Stardew Valley 1.6 and Returning to the Simple Life
This post is for 2024’s WeblogPoMo2024, a challenge to post every day in May. While I cannot commit to being able to write something every day, I will try to post something every week in May.
Lately I’ve been playing a lot of Stardew Valley’s 1.6 update. I absolutely adored the game when it originally released. It was the first ever game in the farming/life sim genre that I really stuck with for any significant length of time. I never really felt a pull to stick to it longterm, though and eventually fell off. I don’t really have forever games as much as games I come back to on a semiregular basis. Stardew has had two revisitations from me. The first one was when multiplayer was new. The second one was a couple years ago. While I enjoyed my time with the game both of those times, I never even completed the base game’s content again to get to the “new” stuff.

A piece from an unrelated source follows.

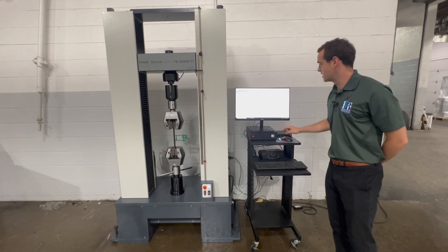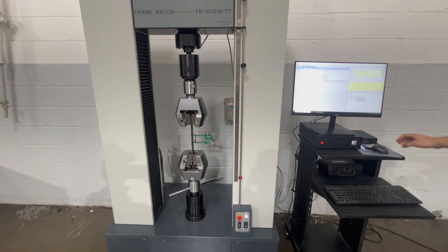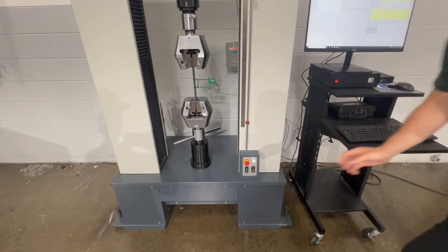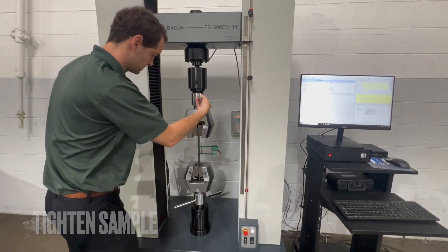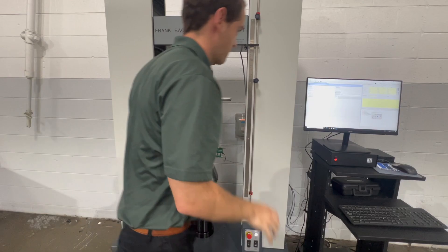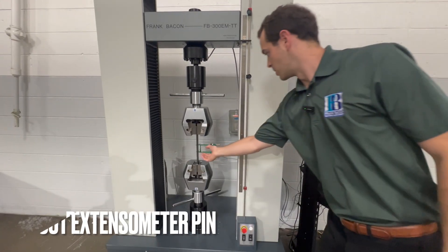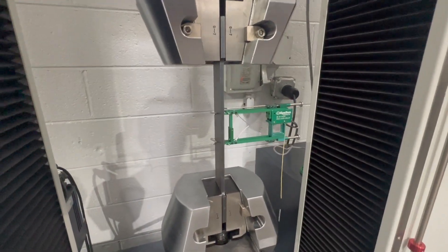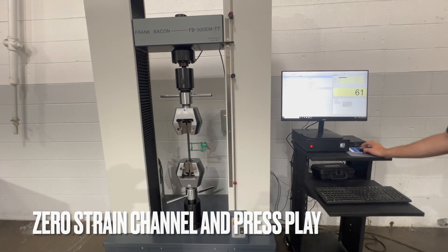We have a profile set up in our MTGenius software. We've got an extensometer on our sample and we're going to do a stress-strain graph. I'm going to go ahead and turn our machine on, tighten in our sample, pull out the pin on our extensometer, zero out our strain channel, and press play.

This time, I feel a much greater sense of momentum, not only because of the promise of new stuff at the end of the road, but also some very thoughtful changes to the early and midgame parts of Stardew Valley. Perhaps the biggest of these changes is the alteration to the game’s economy. Nothing has been particularly rebalanced in terms of the various methods of making money. Rather, there are just a lot more things to spend that money on now. At launch, Stardew Valley felt balanced around two years of ingame play, with the possibility of completing everything in one if you knew ahead of time what to plant or fish for. Now, the game feels balanced for maybe three or five years of ingame play not counting the Perfection completion. There’s a lot more to spend money on. There are new options to randomize required items for the community center bundles, and there’s more reason to play through many years of the game.

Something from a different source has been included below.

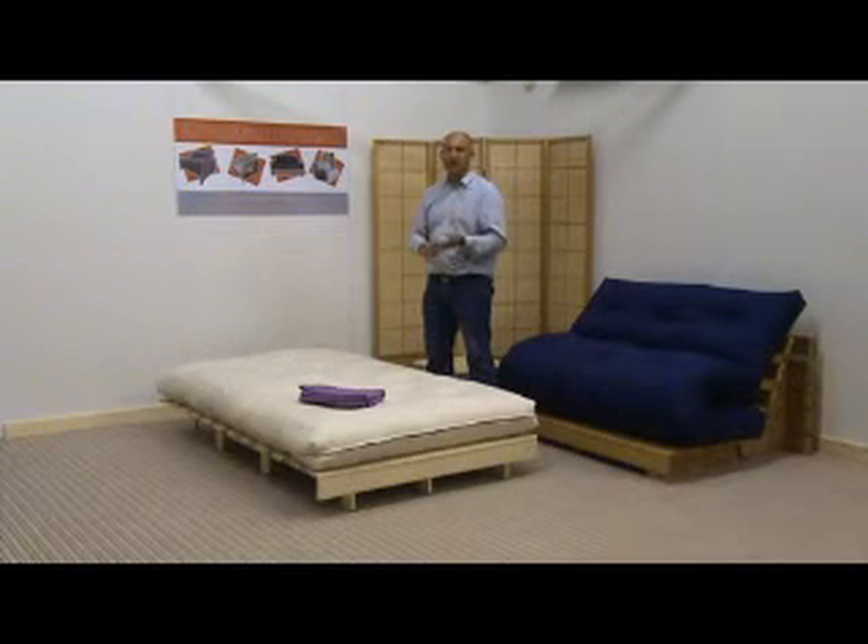We make the covers here, so if you have a futon of a particular size and you want us to make the cover for you, let us know the size of your mattress and we'll make the cover to fit your mattress, rather than just ordering a cover online and hoping it won't be too long or too short or the wrong width. Let us know your futon size and we'll make the cover for you.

I find this rebalancing act to be very interesting as a concept. Like the game was intended for one type of player at first, then a bunch of stuff was added to the end of that experience over time. Now there’s more runway to get to that same end-game style content, but also it makes that curve a lot smoother. It feels like an appropriate change to a game intended to be more comfortable and anti-stressful, but it does also mirror some late-game updates to other indie titles. One of the ones that most readily jumps to mind is Terraria’s Journey’s End update, which added a huge amount of content to make playing and replaying the game more interesting and ensmoothen the path to endgame content.
I guess I don’t really have much to say about it at this point. I’m still working towards the “new endgame” so to speak, so I don’t really have a complete formulation in my head yet, but I am thoroughly enjoying myself and encourage lapsed Stardew Valley fans to go back and enjoy the game again.